_Records to process_:

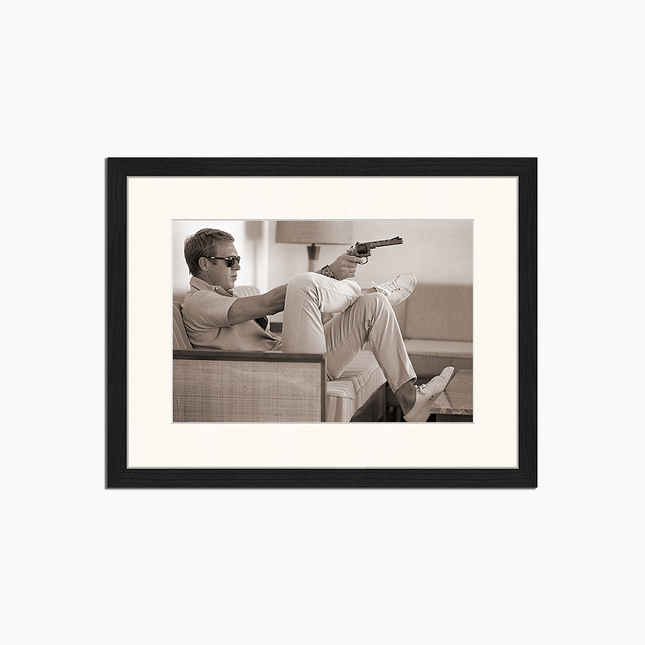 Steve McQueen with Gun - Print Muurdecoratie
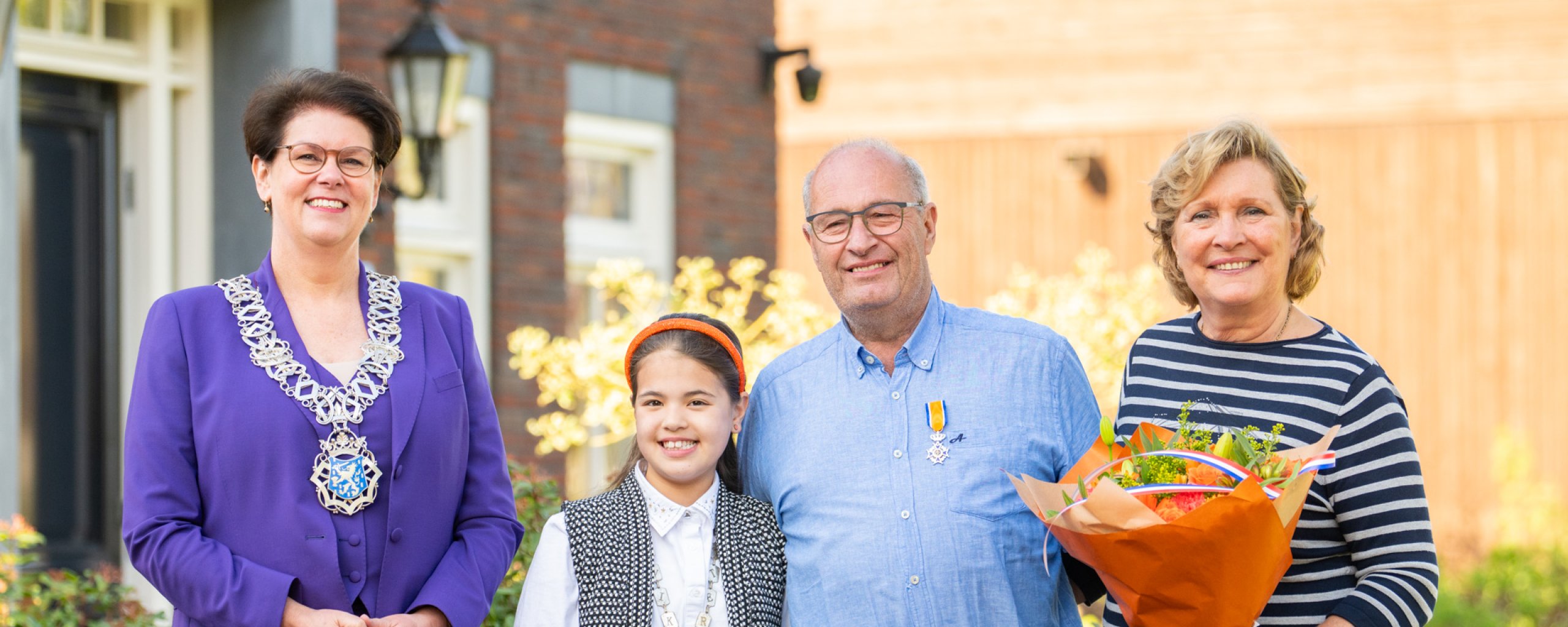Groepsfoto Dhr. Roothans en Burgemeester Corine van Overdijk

* * *

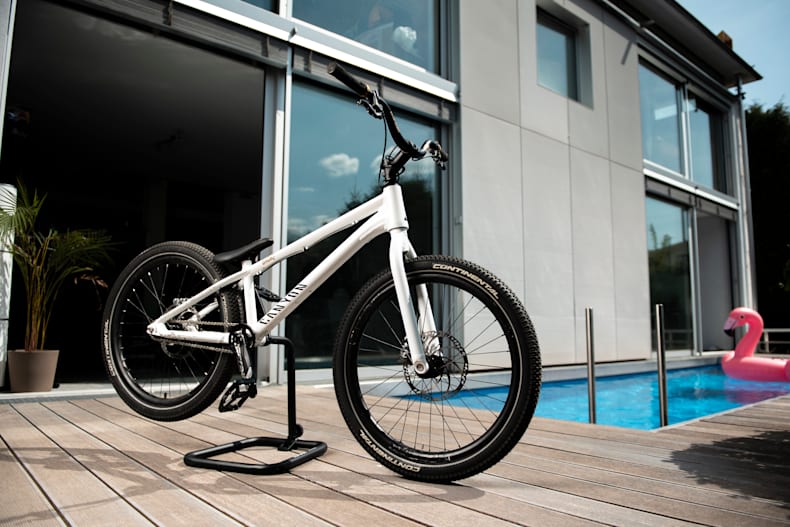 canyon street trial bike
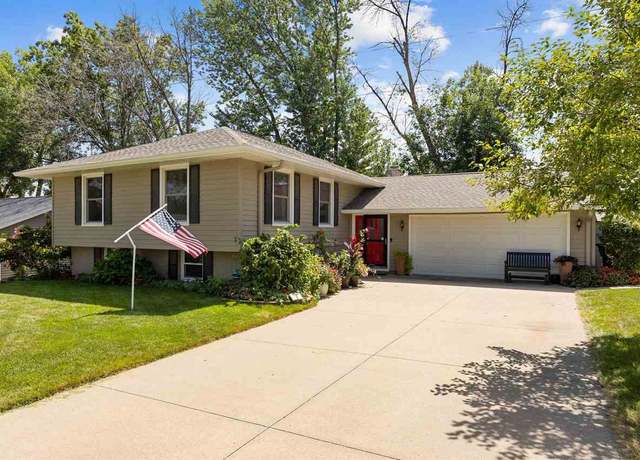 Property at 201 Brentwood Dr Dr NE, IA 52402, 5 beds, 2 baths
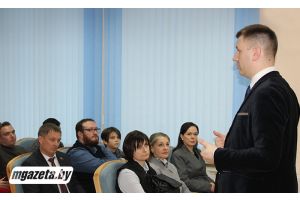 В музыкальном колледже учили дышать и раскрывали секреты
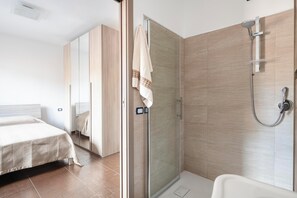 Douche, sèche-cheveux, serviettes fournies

...

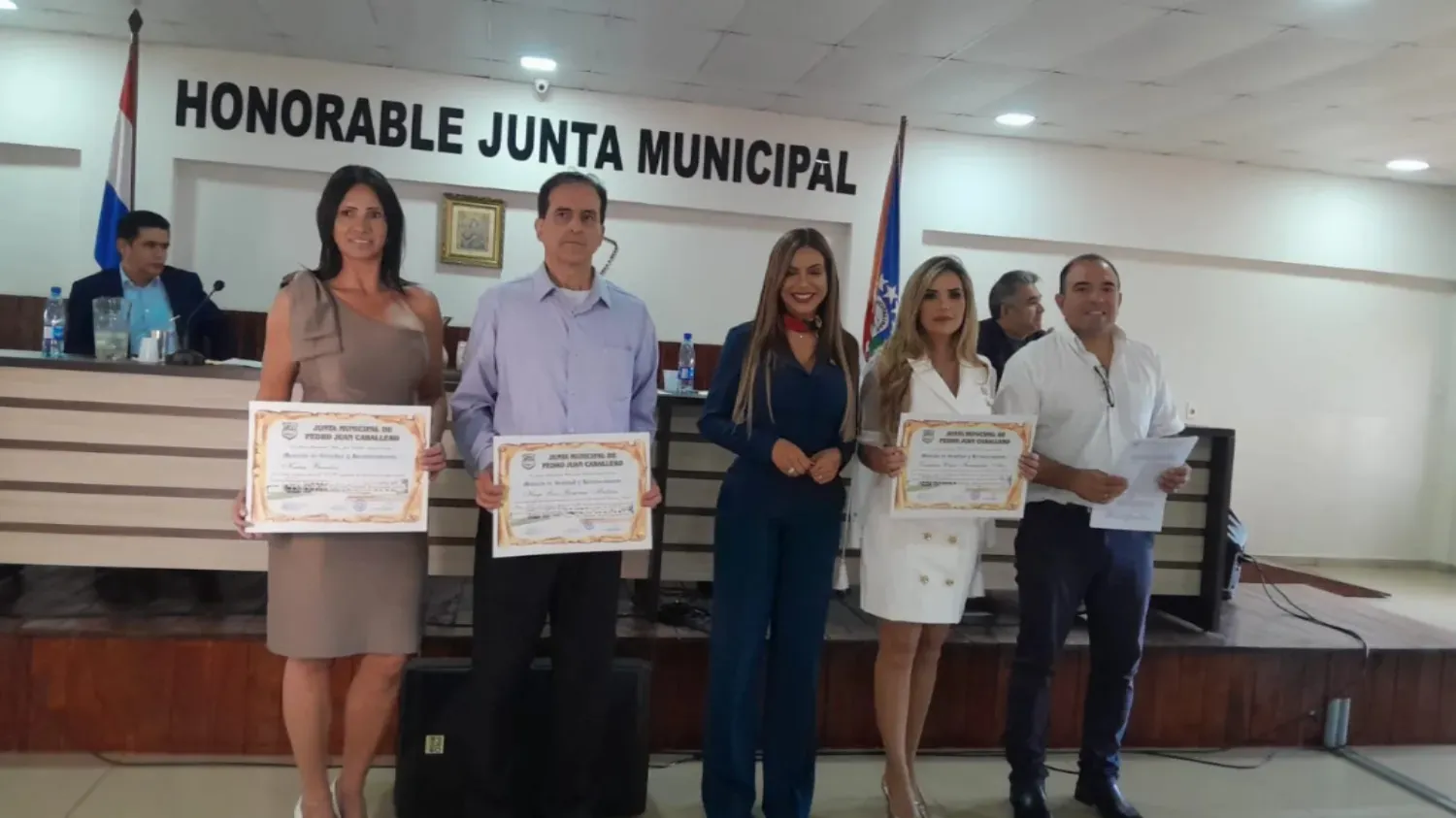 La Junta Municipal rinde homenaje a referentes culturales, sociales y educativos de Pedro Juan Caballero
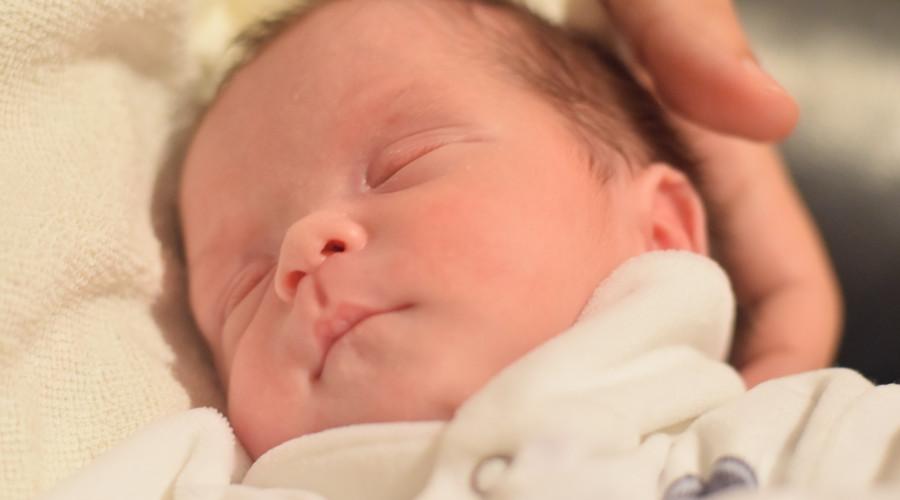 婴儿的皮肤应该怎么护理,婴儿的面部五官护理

_Instructions for the task_: All that should appear in the answer is the lines above from the line with "Steve McQueen with Gun - Print Muurdecoratie" through the line with "Groepsfoto Dhr. Roothans", retyped exactly, pictures left out.

_Response_:
 Steve McQueen with Gun - Print Muurdecoratie
Groepsfoto Dhr. Roothans en Burgemeester Corine van Overdijk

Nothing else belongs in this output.